Konstantin E. TsiolkovskyAKA Konstantin Eduardovich Tsiolkovsky

Born: 17-Sep-1857
Birthplace: Izhevskoye, Russia
Died: 19-Sep-1935
Location of death: Kaluga, Russia
Cause of death: unspecified
Remains: Buried, Park of the Cosmonauts Museum, Kaluga, Russia

Gender: Male
Race or Ethnicity: White
Sexual orientation: Straight
Occupation: Scientist

Nationality: Russia
Executive summary: Astronautics and rocket dynamics pioneer

Scientist, author, teacher, and visionary, Konstantin E. Tsiolkovsky was one of the founding fathers of rocketry and cosmonautics. His Tsiolkovsky formula, published in 1903, established the accurate relationships between the mass of the rocket and its propellant, the speed of the gas at exit, and rocket speed. He additionally predicted many aspects of space travel with stunning accuracy, describing many of the details of pressurized space suits, orbital space stations, the use of solar power, life in low gravity environments, and the need for multistage rockets to achieve escape velocity. He even predicted the advantages of combining liquid hydrogen and liquid oxygen for rocket fuel. Although two other scientists, Robert Goddard and Hermann Oberth, derived many of his basic principles around the same time (independently), it was the work of Tsiolkovsky that would later be given credit for inspiring and informing the fledgling Soviet space program that beat the U.S. into space.
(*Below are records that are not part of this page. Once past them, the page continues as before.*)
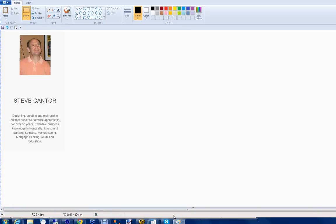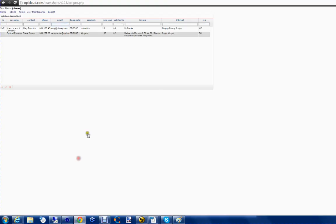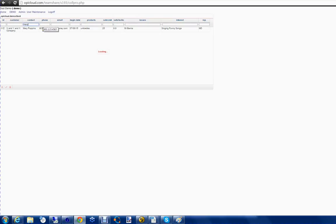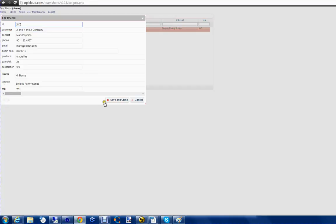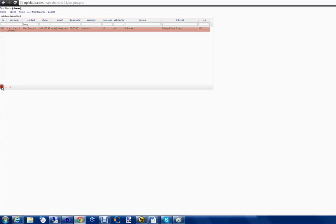Hello, I'm Steve Cantor with Optimal Process. We're a web application development group in Memphis. I appreciate you taking a minute to watch this video. Today we're looking at the TeamShare application — a pretty generic demo that allows you to filter records, change records, add records, etc.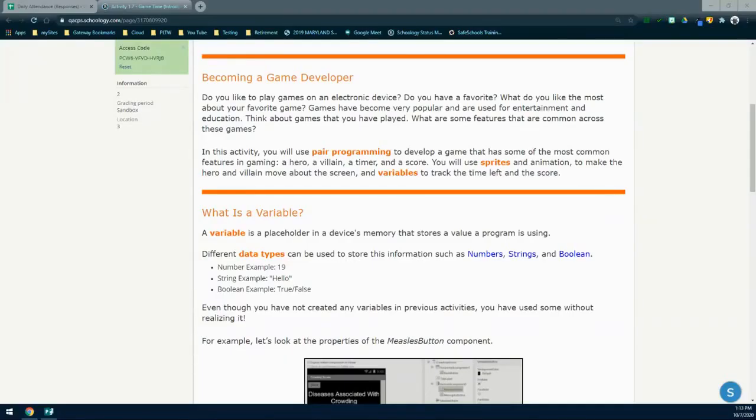Today we'll take a look at activity 1.7, game time. In this activity you will use pair programming to develop a game that has some of the most common features in gaming: a hero, villain, a timer, and a score. You will use sprites, which are animated images, to make the hero and villain move about the screen, and variables to track the time left and the score.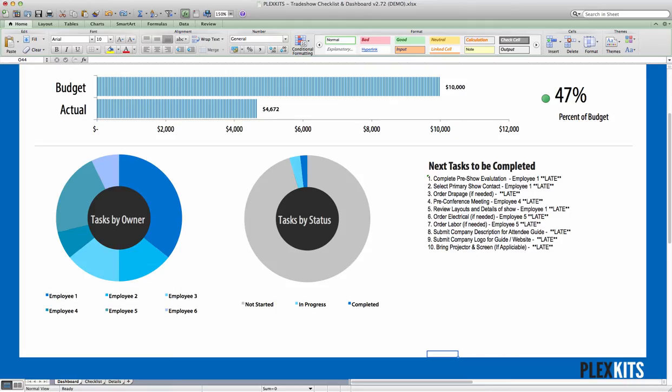Today we'll just be going over how to change the color of a single series in a chart. I've had a couple people ask me how to do it, and it's so easy that I thought I would just make a quick video to show everyone.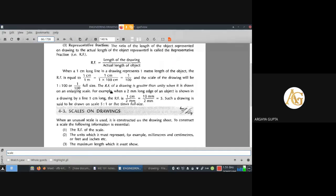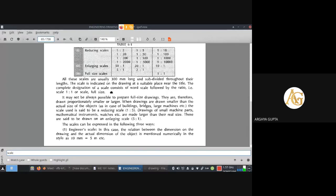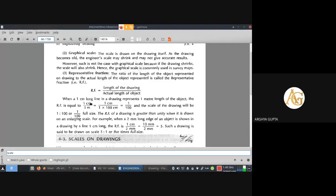There can be three types of scales as per the size of the drawing. RF is the length of the drawing divided by the length of the object — drawing length by actual length. The full form of RF is Representative Fraction. Please remember this term because in exams this question is asked frequently. RF is Representative Fraction and it is the ratio between drawing length to the actual length.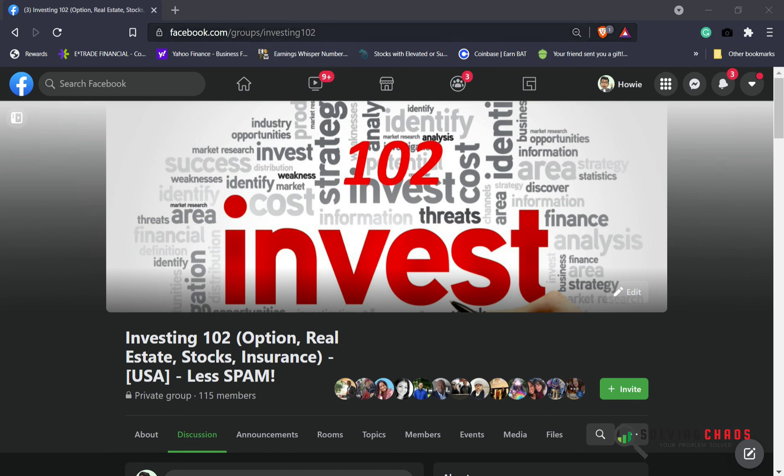And with that being said, if you go to my Facebook group, Investing 102, I definitely share a lot of what I do and how I trade.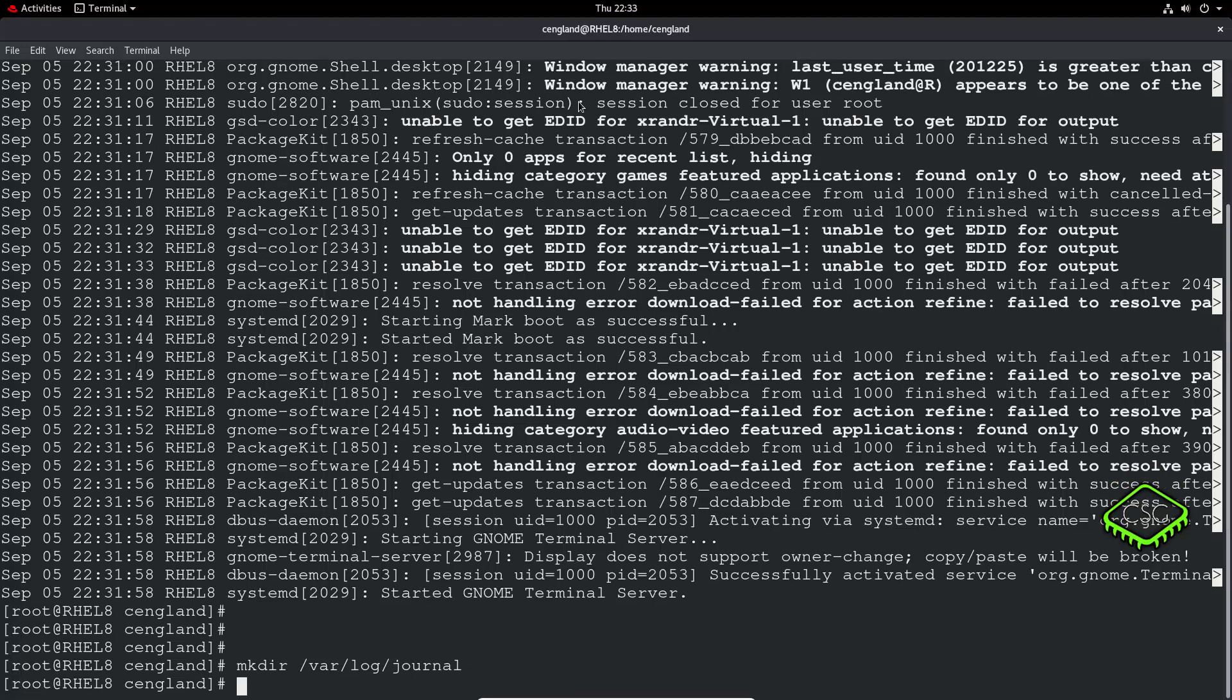And then essentially, because it's a disk-based location, obviously it's going to keep it persistently. The only issue with that is by default this can use up to 10% of your disk space.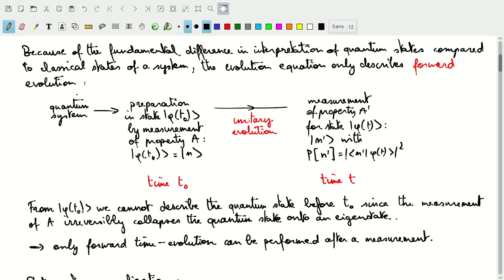We can describe our quantum system only by measuring it. What we do is prepare a quantum system in a certain state phi at a time t0 by measuring a property A and then collapsing the quantum state into an eigenstate of that property A. Then the unitary time evolution takes over, allowing us to describe the evolution of the system from t0 to time t. At time t, we measure another property A-prime for that state phi, and what we measure is an eigenvector of A-prime with a certain probability.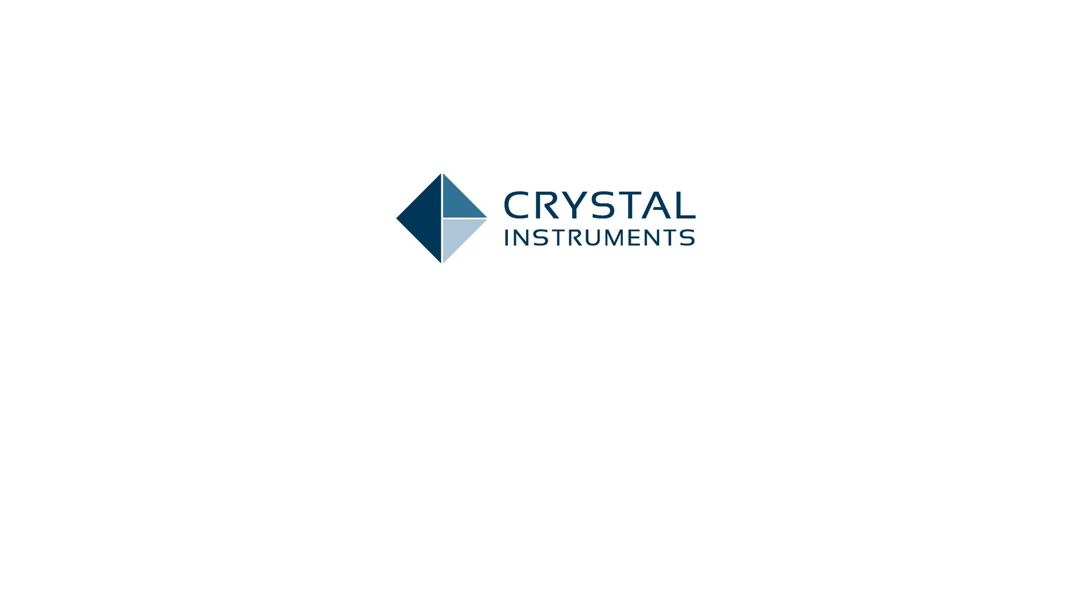For more information on Crystal Instruments and our vibration control software and hardware, please visit our website at CrystalInstruments.com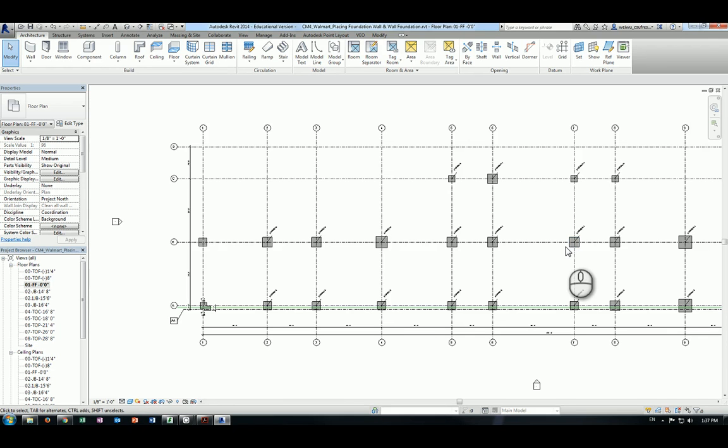In this video we're going to talk about placing foundation walls and wall foundations. Foundation walls and wall foundations are two different concepts but they're related. A foundation wall is actually a wall; the wall foundation is a foundation that supports the wall, which is also called wall footing, strip footing, or continuous footing.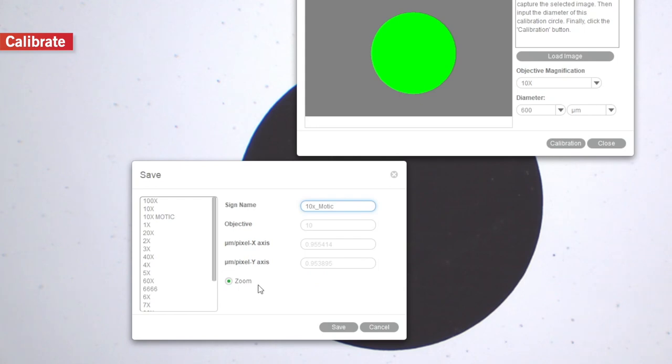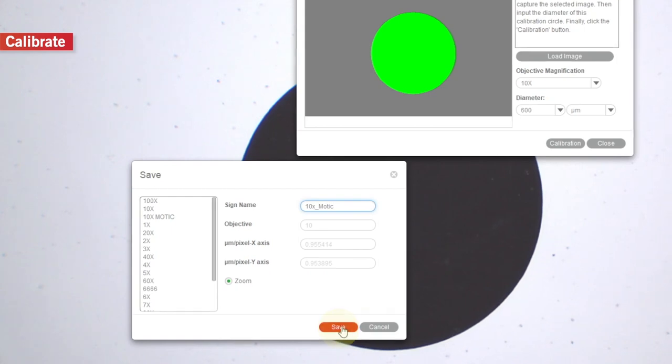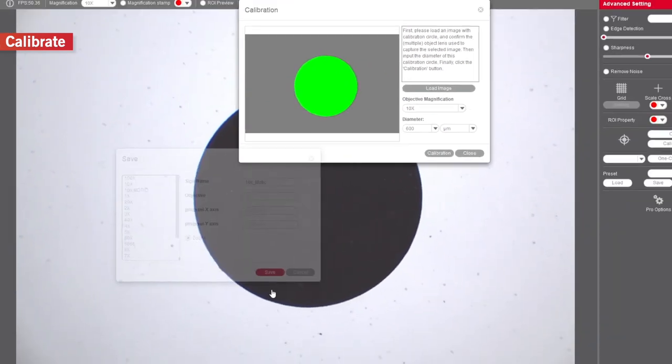Make sure you have ticked the zoom checkbox. Then, click on the Save tab to save the calibration.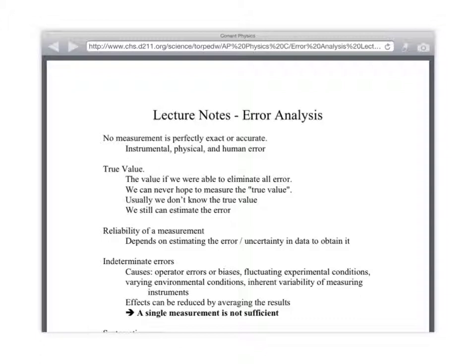Did you know that if you heat up water, it expands? How many people are convinced that Macy's method could give us a pretty accurate assessment of how much water is in here? I think that's a great way to do it.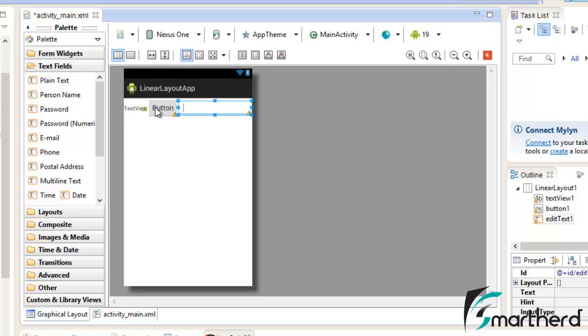So just drag and drop it here. Our TextView, Button and EditText are aligned one after the other. Now let us keep all the widgets as it is.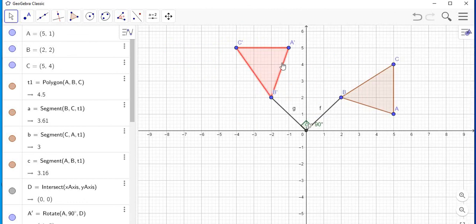Then you can just exit off that because you don't want to use it, and there is your image. So that is how you use GeoGebra to rotate an object.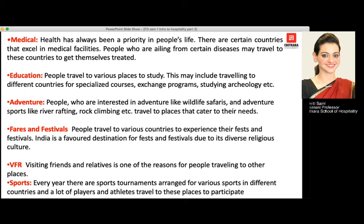Education is another reason — many students travel on study visas to different destinations for specialized courses, exchange programs, or to study archaeology, art, or history. Adventure is also a very common reason: people travel for wildlife safaris and adventure sports like river rafting, rock climbing, parasailing, paragliding, and skydiving.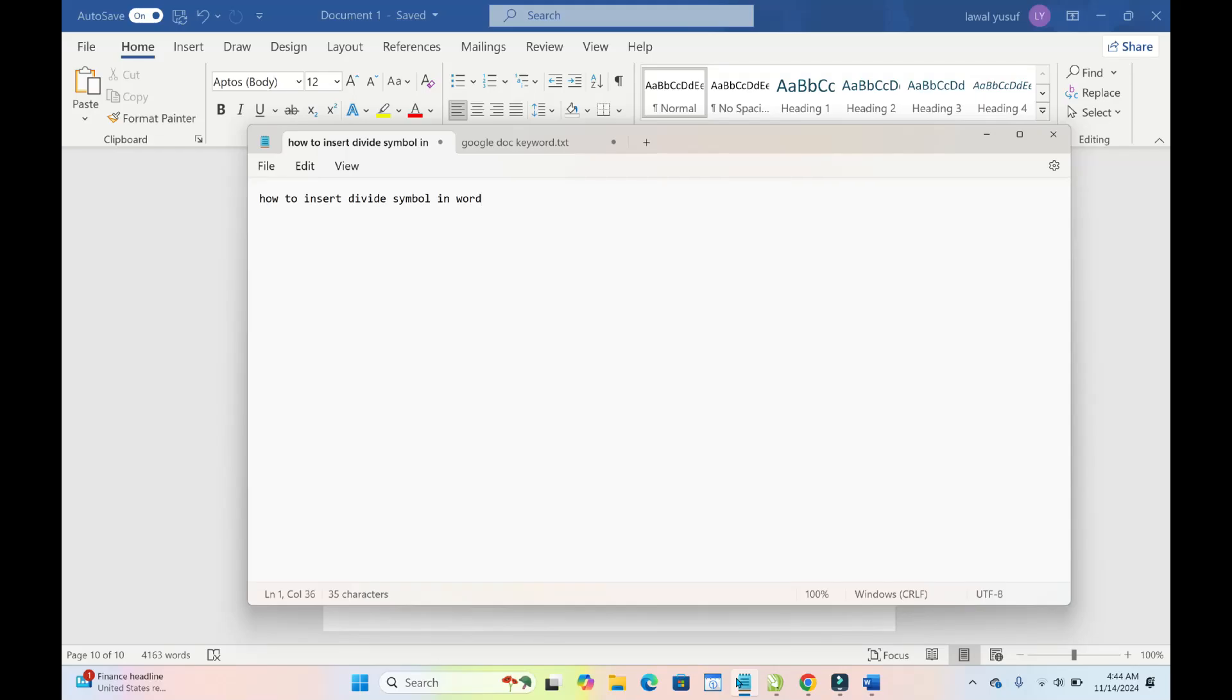Hello there everyone. In this video today, I will show you how to insert a divide symbol in Word.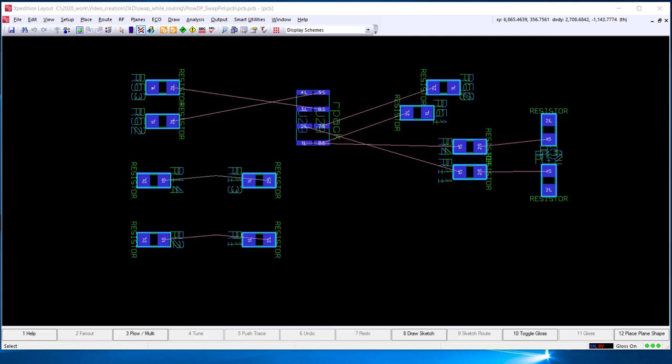In the VX2.7 release, we've added the ability to swap pins while routing. This can be done on single nets or differential pairs.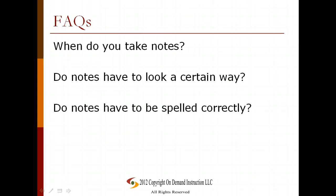Some common questions: When do you take notes? Anytime that you're learning something is a great time to take notes. Do the notes have to look a certain way? Not necessarily — they should be organized and readable for you. Do the notes have to be spelled correctly? Not necessarily; if it's something you're going to turn in for credit you do want to spell it correctly, but if it's just for you, that's not as much of an issue.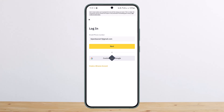Then you'll get three different options, from which you'll have to select the option that says 'Google Authentication is unavailable and I would like to disable it.' Simply tap on 'Confirm Reset.'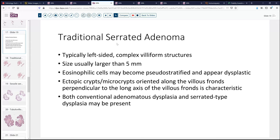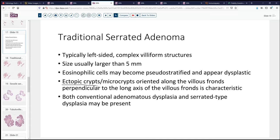This lesion is most commonly confused with a villous adenoma, because these are usually left-sided and they do have a complex villiform architecture. They're usually large and composed of eosinophilic, not usually dysplastic epithelium, although dysplasia can develop. One of the most helpful features to find is the presence of ectopic crypts or microcrypts that are oriented along the villus fronds. In these lesions, you can get both conventional-type adenomatous dysplasia as well as so-called serrated-type dysplasia.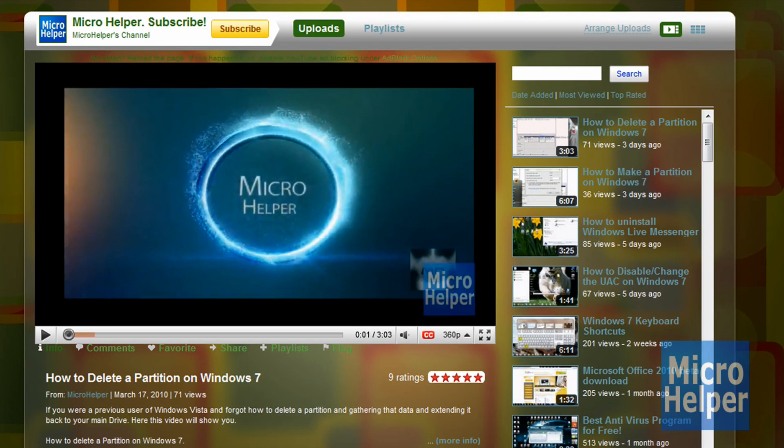So yeah guys, that's how you disable the advertisements on YouTube. Thanks for watching guys and please subscribe to my upcoming videos right here. Goodbye.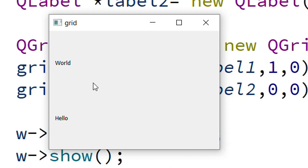So that was how to implement QGridLayout in Qt. I hope it was easy to understand. If you liked this video, please share it with your friends and subscribe to our YouTube channel.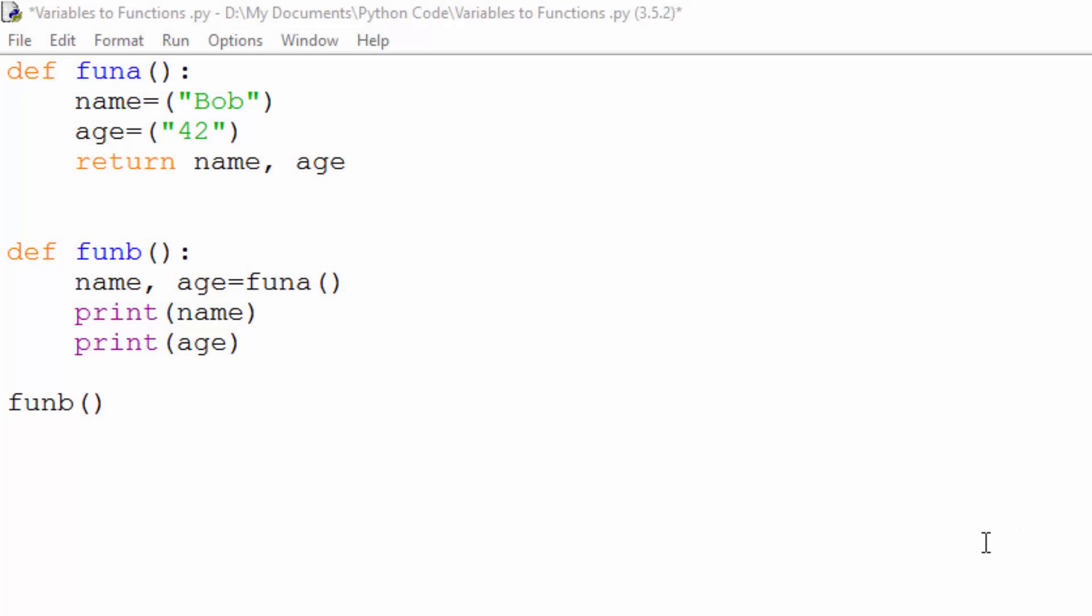Okay, so I'm going to be talking about passing variables between functions today. You can see here I've got two functions.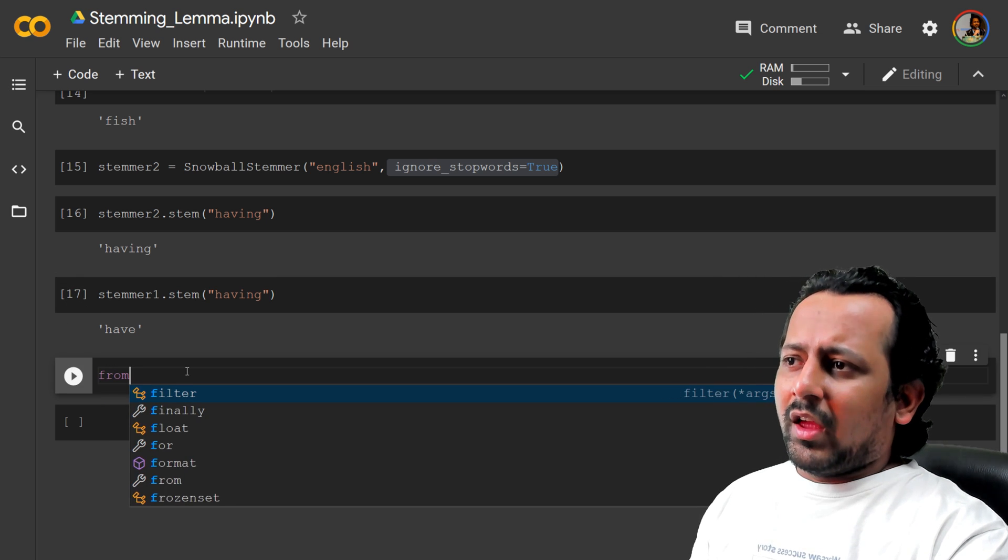Another thing is lemmatization. From NLTK.stem import wordnet lemmatizer. This is one of the lemmatizers that NLTK has. And we will say lemmatizer equal to wordnet lemmatizer. And that's for English. So we run this, we run this.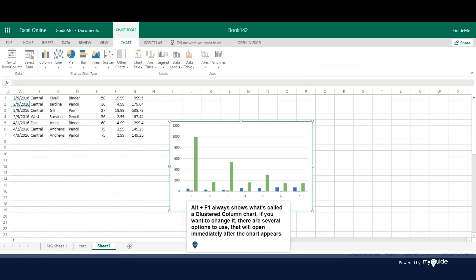Alt plus F1 always shows what's called a clustered column chart. If you want to change it, there are several options to use that will open immediately after the chart appears.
Born in 1857 in Izhevskoye, Russia, Tsiolkovsky was one of 18 children born to a Polish deportee/Siberian exile. From the age of ten he struggled with a severe hearing loss that made formal education difficult. At age fourteen he was expelled from school, but his hunger to learn led him to study books on his own. When he was sixteen his family, impressed by his progress, sent him to Moscow to educate himself at the renowned Chertkovskaya Library. In Moscow he was influenced by the science fiction of Jules Verne and the theories of friend and philosopher Nikolai Fedorov (who convinced him that advances in science would create a subsequent population explosion that would require colonization of other planets). Finally, in 1879 Tsiolkovsky qualified to become a teacher and was able to support himself while writing stories of space travel and (later) while generating his scientific theories. In 1911 he published Investigations of Outer Space by Rocket Devices, and in 1914 Aims of Astronauts.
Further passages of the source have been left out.